TO DO - Please transcribe exactly the lines from the first line of the records below through the line containing "Rice topped with", including both, and omit all pictures.

[Scraped caption text data]
----
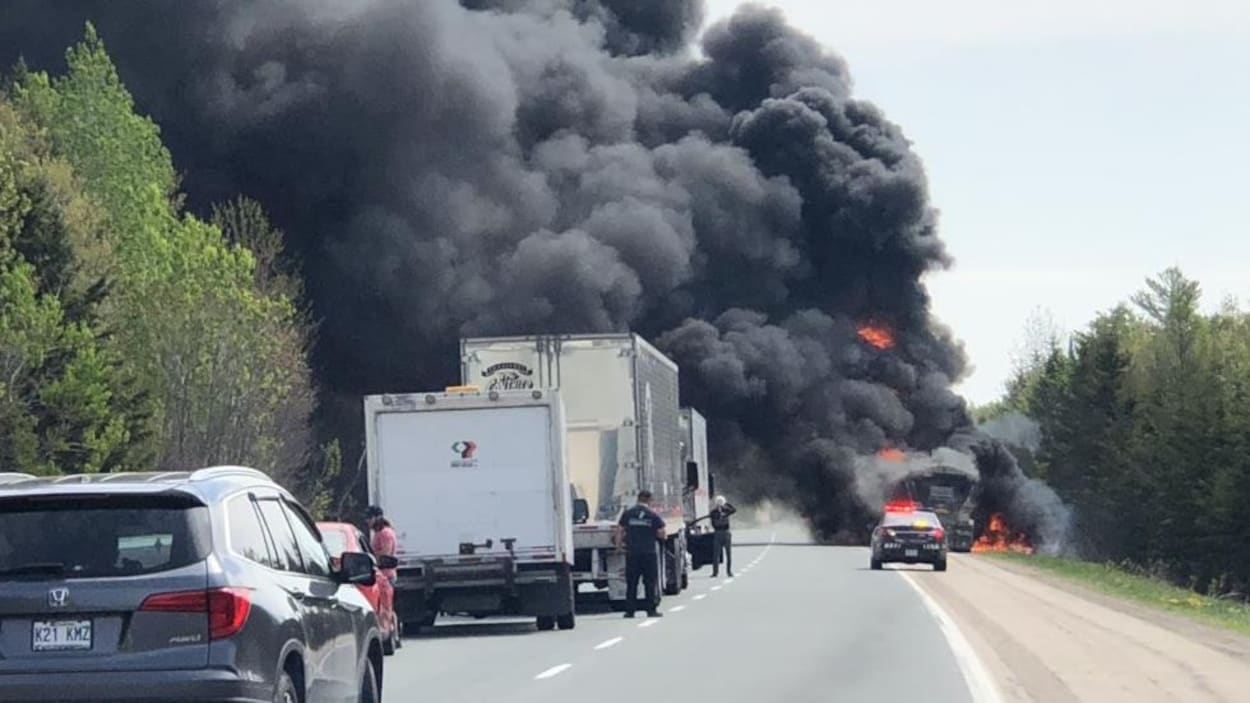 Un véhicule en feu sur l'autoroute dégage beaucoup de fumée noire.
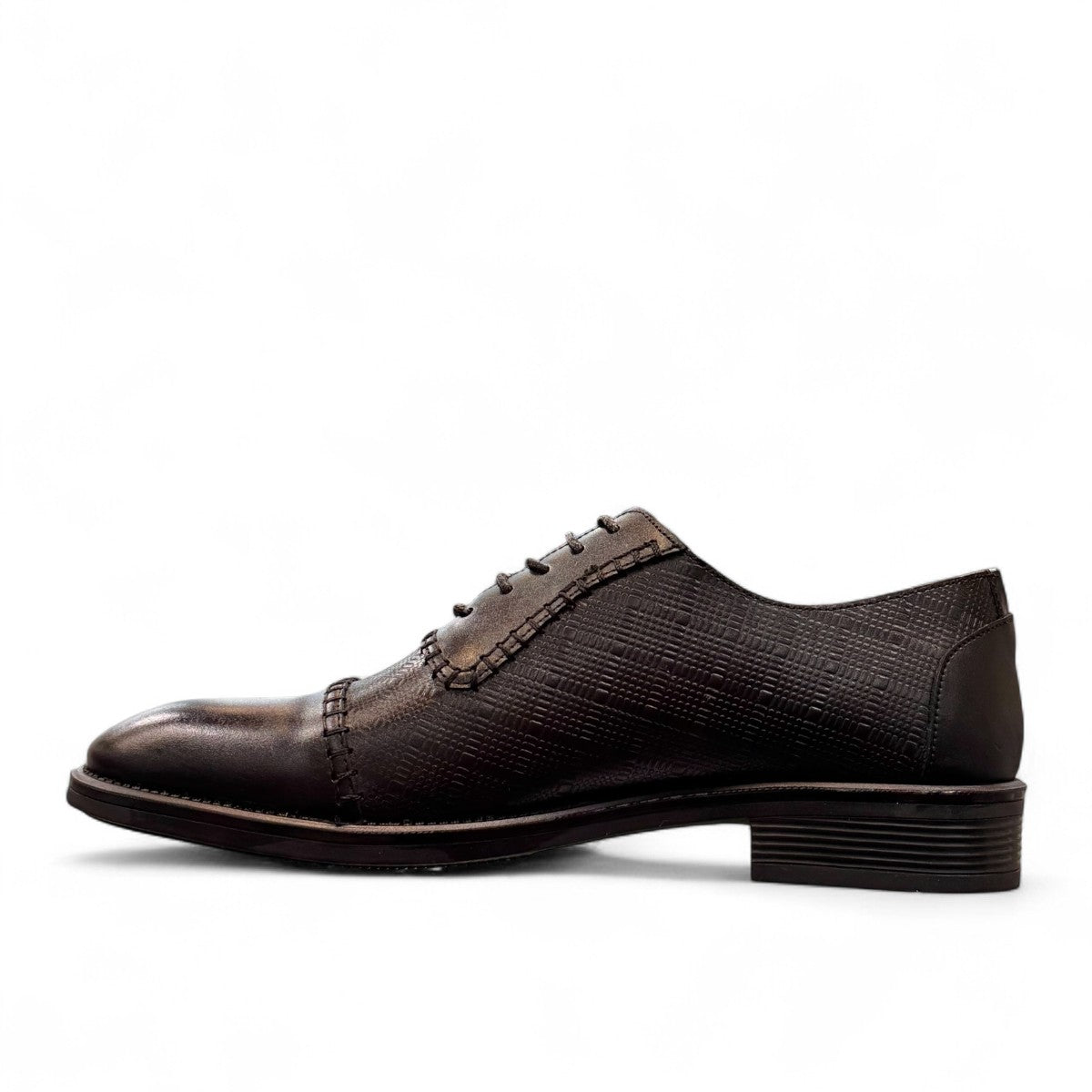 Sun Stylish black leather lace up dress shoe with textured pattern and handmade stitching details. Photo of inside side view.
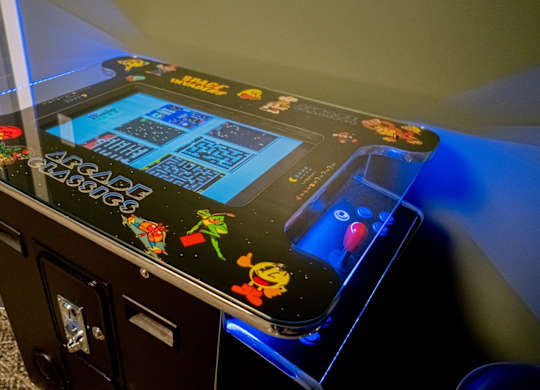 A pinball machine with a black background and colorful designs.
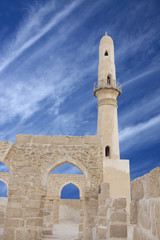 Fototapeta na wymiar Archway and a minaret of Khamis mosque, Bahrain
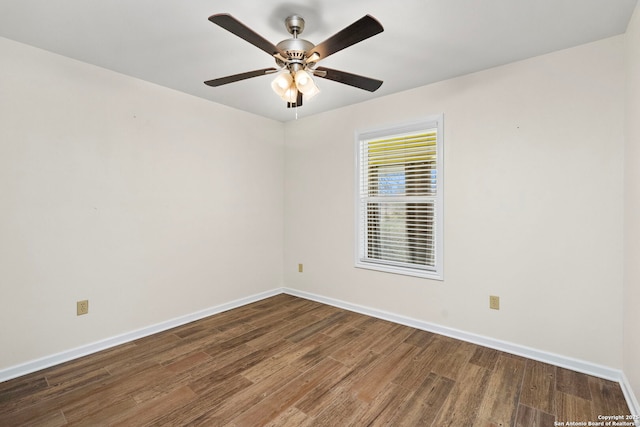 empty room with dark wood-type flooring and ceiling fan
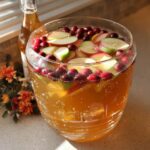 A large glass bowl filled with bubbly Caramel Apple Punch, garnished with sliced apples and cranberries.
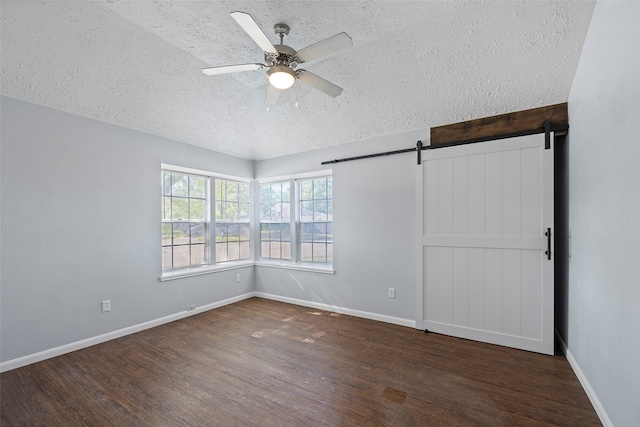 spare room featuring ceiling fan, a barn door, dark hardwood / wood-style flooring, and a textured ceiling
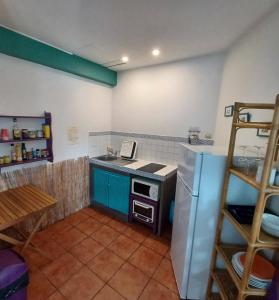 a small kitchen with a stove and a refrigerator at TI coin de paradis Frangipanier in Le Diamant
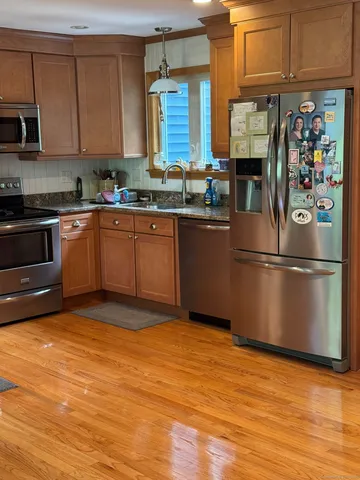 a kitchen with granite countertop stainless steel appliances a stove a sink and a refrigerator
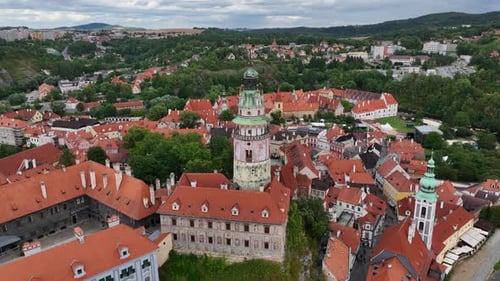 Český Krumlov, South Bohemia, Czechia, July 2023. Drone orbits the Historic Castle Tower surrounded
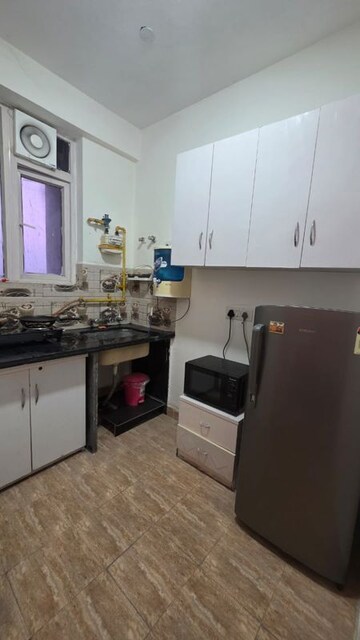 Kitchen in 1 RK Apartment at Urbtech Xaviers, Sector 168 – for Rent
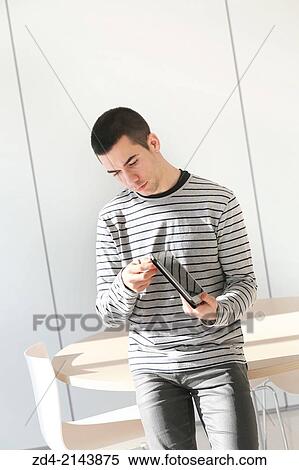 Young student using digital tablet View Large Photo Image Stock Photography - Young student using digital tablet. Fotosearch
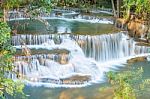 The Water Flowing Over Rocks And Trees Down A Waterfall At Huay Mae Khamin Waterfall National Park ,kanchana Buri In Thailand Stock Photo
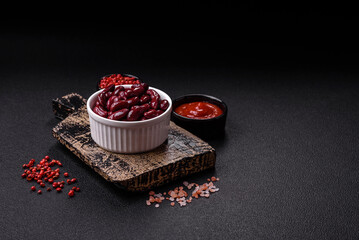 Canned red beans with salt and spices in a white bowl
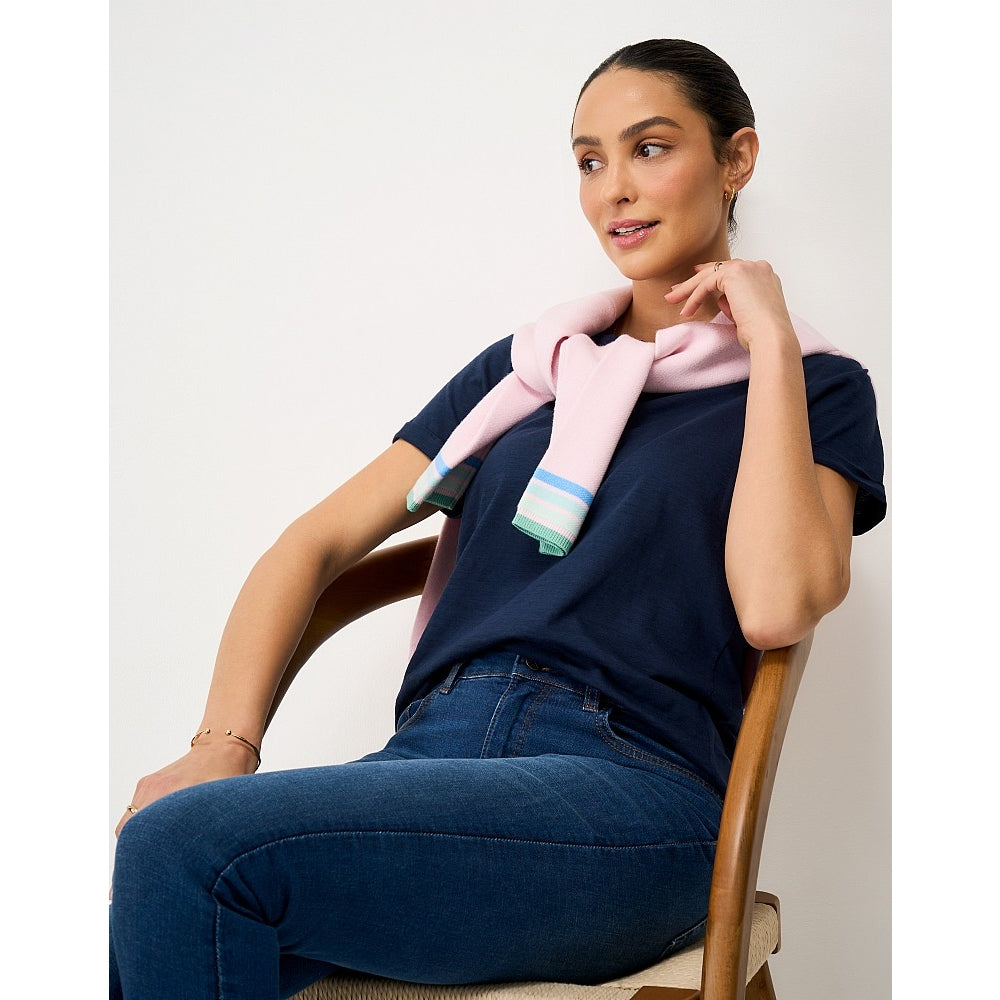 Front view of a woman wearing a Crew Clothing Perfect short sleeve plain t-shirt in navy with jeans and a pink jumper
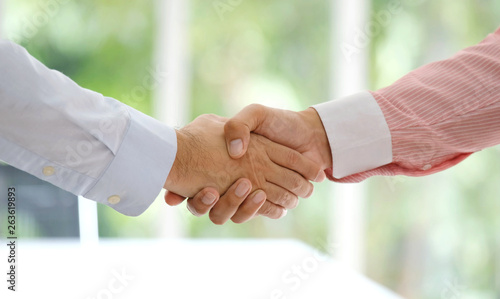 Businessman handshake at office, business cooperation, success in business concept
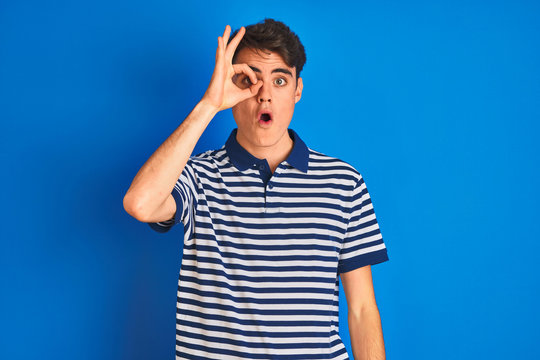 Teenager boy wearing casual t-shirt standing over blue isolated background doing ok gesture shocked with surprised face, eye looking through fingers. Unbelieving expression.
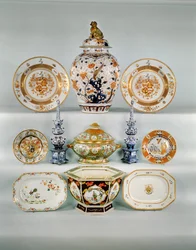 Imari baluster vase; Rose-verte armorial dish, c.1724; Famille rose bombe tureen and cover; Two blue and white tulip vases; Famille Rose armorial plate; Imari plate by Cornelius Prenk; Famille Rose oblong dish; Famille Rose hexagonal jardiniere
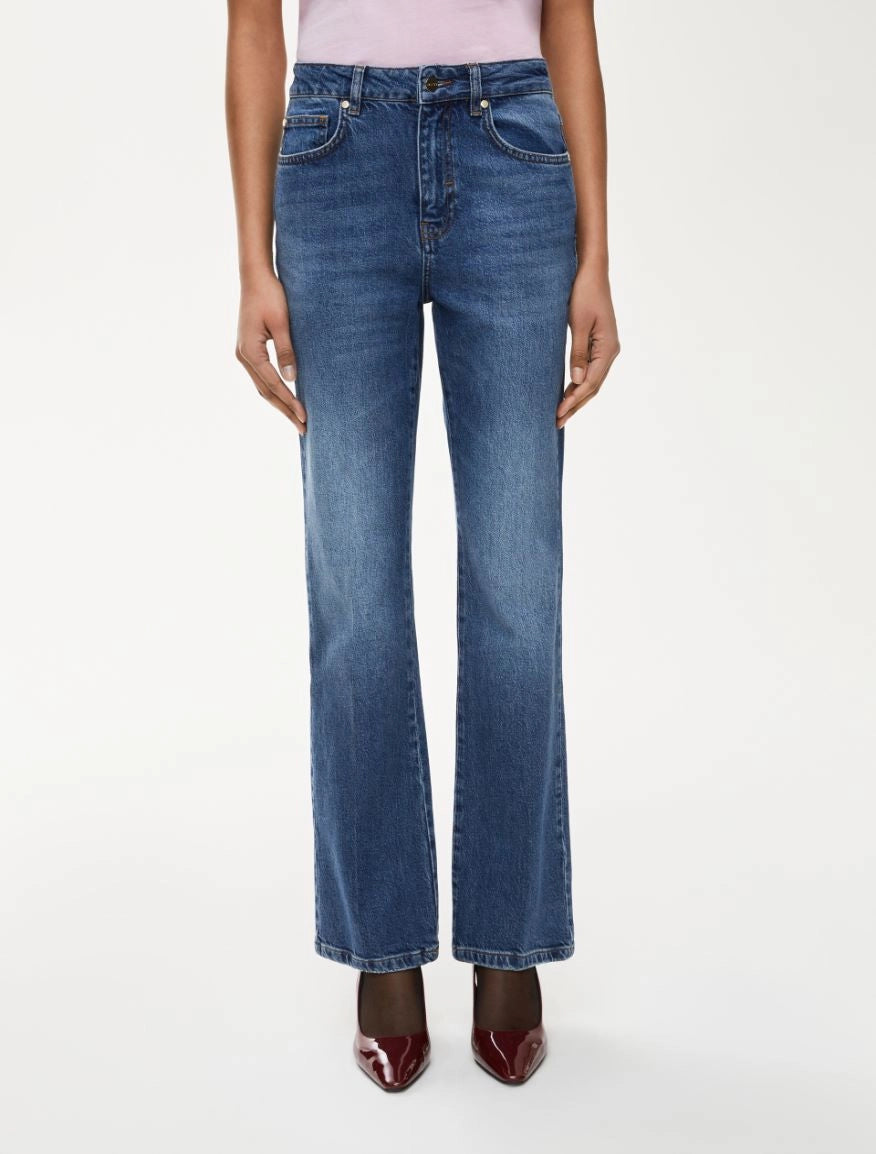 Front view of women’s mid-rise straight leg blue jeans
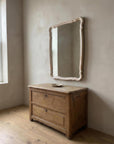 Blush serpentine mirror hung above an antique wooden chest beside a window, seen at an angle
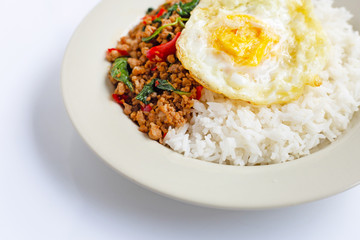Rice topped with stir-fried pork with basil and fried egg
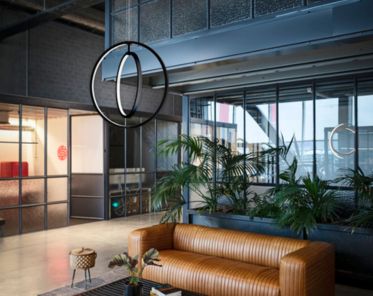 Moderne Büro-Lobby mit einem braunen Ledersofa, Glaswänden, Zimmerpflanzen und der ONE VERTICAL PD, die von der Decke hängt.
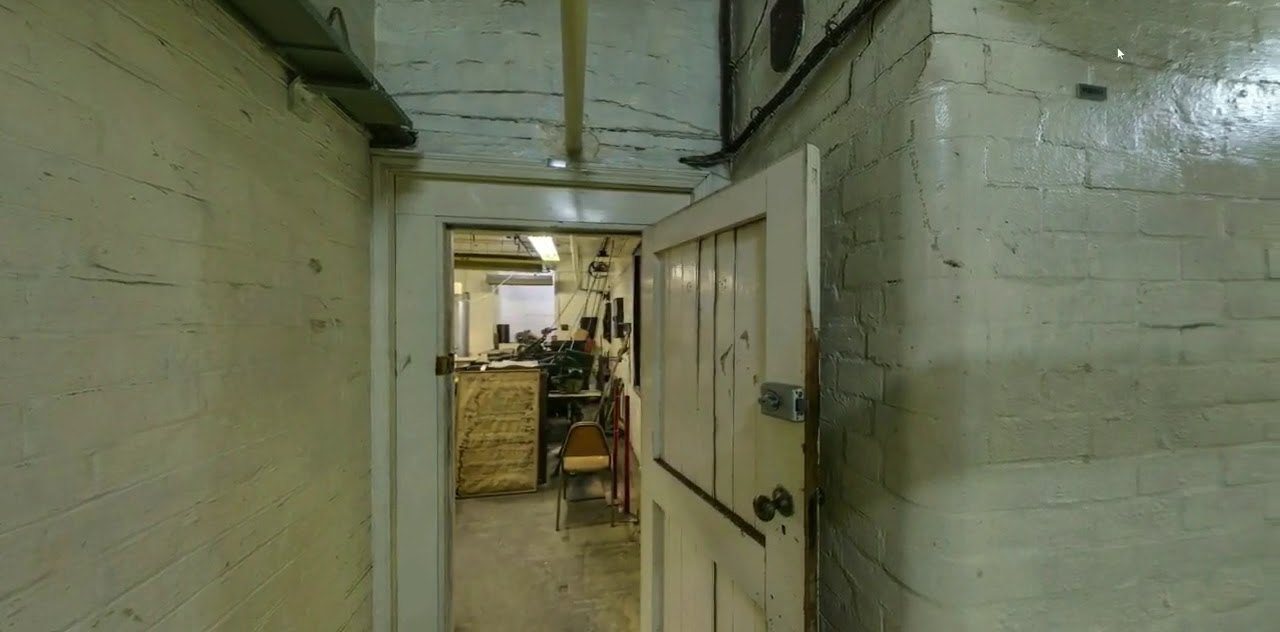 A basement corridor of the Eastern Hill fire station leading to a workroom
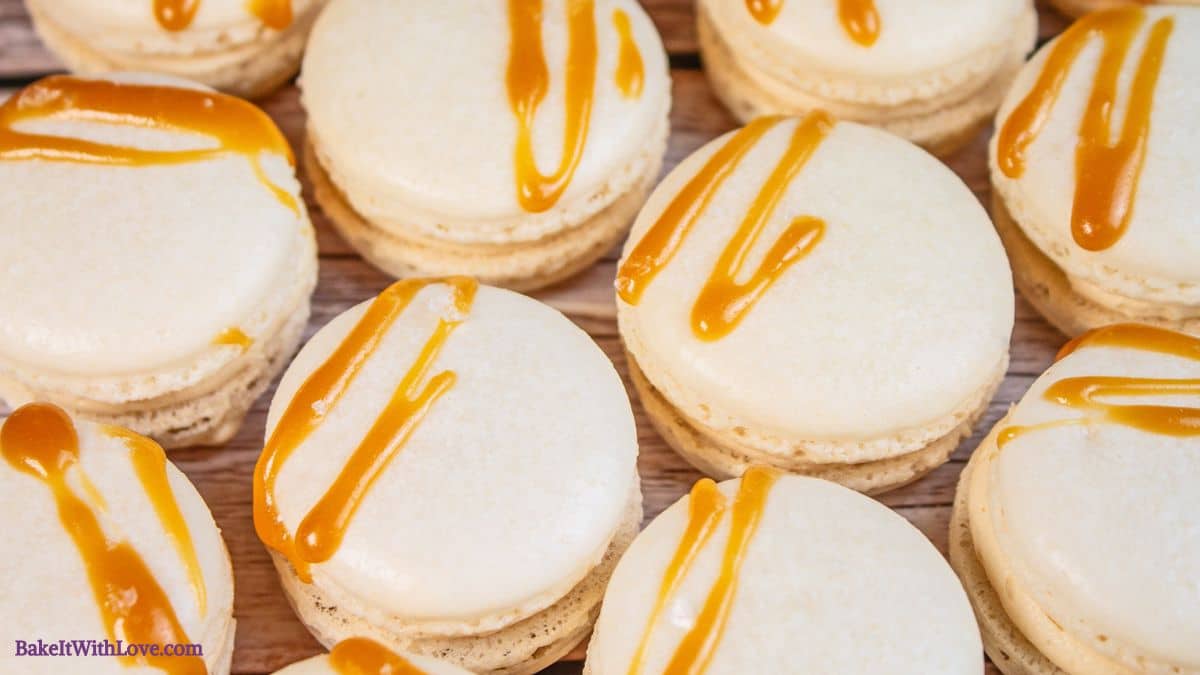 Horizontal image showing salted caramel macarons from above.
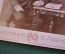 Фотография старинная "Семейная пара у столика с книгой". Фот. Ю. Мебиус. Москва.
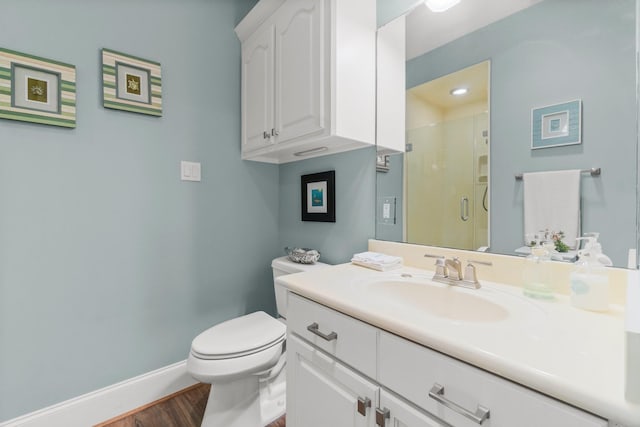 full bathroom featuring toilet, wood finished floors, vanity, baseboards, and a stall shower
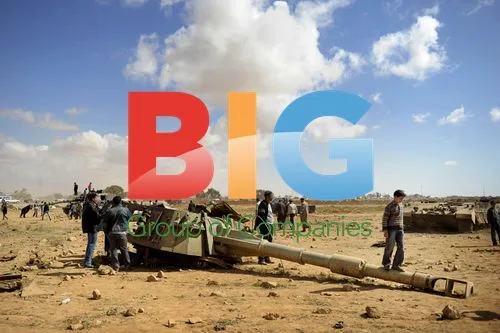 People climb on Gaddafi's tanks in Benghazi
----
EXERCISE RESULT -
 Un véhicule en feu sur l'autoroute dégage beaucoup de fumée noire.
 Sun Stylish black leather lace up dress shoe with textured pattern and handmade stitching details. Photo of inside side view.
 A pinball machine with a black background and colorful designs.
 Fototapeta na wymiar Archway and a minaret of Khamis mosque, Bahrain
 empty room with dark wood-type flooring and ceiling fan
 A large glass bowl filled with bubbly Caramel Apple Punch, garnished with sliced apples and cranberries.
 spare room featuring ceiling fan, a barn door, dark hardwood / wood-style flooring, and a textured ceiling
 a small kitchen with a stove and a refrigerator at TI coin de paradis Frangipanier in Le Diamant
 a kitchen with granite countertop stainless steel appliances a stove a sink and a refrigerator
 Český Krumlov, South Bohemia, Czechia, July 2023. Drone orbits the Historic Castle Tower surrounded
 Kitchen in 1 RK Apartment at Urbtech Xaviers, Sector 168 – for Rent
 Young student using digital tablet View Large Photo Image Stock Photography - Young student using digital tablet. Fotosearch
 The Water Flowing Over Rocks And Trees Down A Waterfall At Huay Mae Khamin Waterfall National Park ,kanchana Buri In Thailand Stock Photo
 Canned red beans with salt and spices in a white bowl
 Front view of a woman wearing a Crew Clothing Perfect short sleeve plain t-shirt in navy with jeans and a pink jumper
 Businessman handshake at office, business cooperation, success in business concept
 Teenager boy wearing casual t-shirt standing over blue isolated background doing ok gesture shocked with surprised face, eye looking through fingers. Unbelieving expression.
 Imari baluster vase; Rose-verte armorial dish, c.1724; Famille rose bombe tureen and cover; Two blue and white tulip vases; Famille Rose armorial plate; Imari plate by Cornelius Prenk; Famille Rose oblong dish; Famille Rose hexagonal jardiniere
 Front view of women’s mid-rise straight leg blue jeans
 Blush serpentine mirror hung above an antique wooden chest beside a window, seen at an angle
Rice topped with stir-fried pork with basil and fried egg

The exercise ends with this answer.